Introduction to NYSE Market Internals with Cumulative TICK Analysis

Discover how to build a professional-grade cumulative TICK indicator that transforms raw market internals data into actionable trading insights for day trading success.

This comprehensive ThinkScript tutorial teaches you to:

  • Track running totals of NYSE TICK data throughout each trading session
  • Identify institutional money flow patterns using market breadth analysis
  • Time entries and exits with color-coded reversal signals
  • Combine market internals with technical analysis for high-probability setups

Perfect for day traders who want to understand what institutional money is doing before making their trading decisions.

Building a Cumulative TICK Indicator for Superior Market Internals Analysis

Market internals reveal the true story behind price movements, and the cumulative TICK indicator stands as one of the most powerful tools for tracking institutional money flow throughout each trading session. Keeping track of Market Internals is often challenging and akin to counting cards during a game of Blackjack – but this indicator automates the process and transforms complex data into actionable insights.

The Cumulative TICK indicator helps us to keep track of the running total of the NYSE TICK throughout the day. Just like when using the Ten Count Card counting system in Blackjack, a running total gives the player an edge by making smart predictions about remaining cards. Similarly, with the Cumulative TICK indicator, by keeping track on an aggregate basis of the total TICKs, we can then start to make educated guesses about market direction and institutional activity.

Understanding the NYSE TICK and Market Internals

The NYSE TICK index measures the difference between the number of NYSE stocks trading on upticks versus downticks at any given moment.
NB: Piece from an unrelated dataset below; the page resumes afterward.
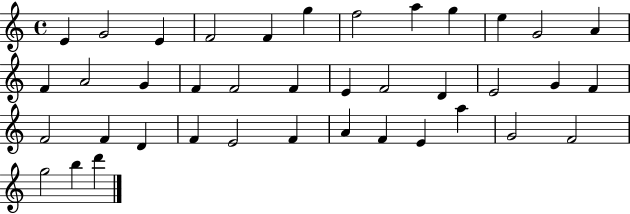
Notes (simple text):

E4/q G4/h E4/q F4/h F4/q G5/q F5/h A5/q G5/q E5/q G4/h A4/q F4/q A4/h G4/q F4/q F4/h F4/q E4/q F4/h D4/q E4/h G4/q F4/q F4/h F4/q D4/q F4/q E4/h F4/q A4/q F4/q E4/q A5/q G4/h F4/h G5/h B5/q D6/q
The NYSE Tick Index is calculated by taking all the NYSE stocks on upticks less all of the NYSE stocks on downticks. With approximately 2,800 stocks listed on the NYSE, this creates a powerful real-time sentiment gauge.

TICK vs. Cumulative TICK Comparison Graph

In our extended Cumulative TICK Pro tutorial for Volatility Box members, we take this analysis even further by leveraging Python and Jupyter Notebook to analyze TICK datasets using powerful statistical functions and incorporating machine learning elements for predictive analysis.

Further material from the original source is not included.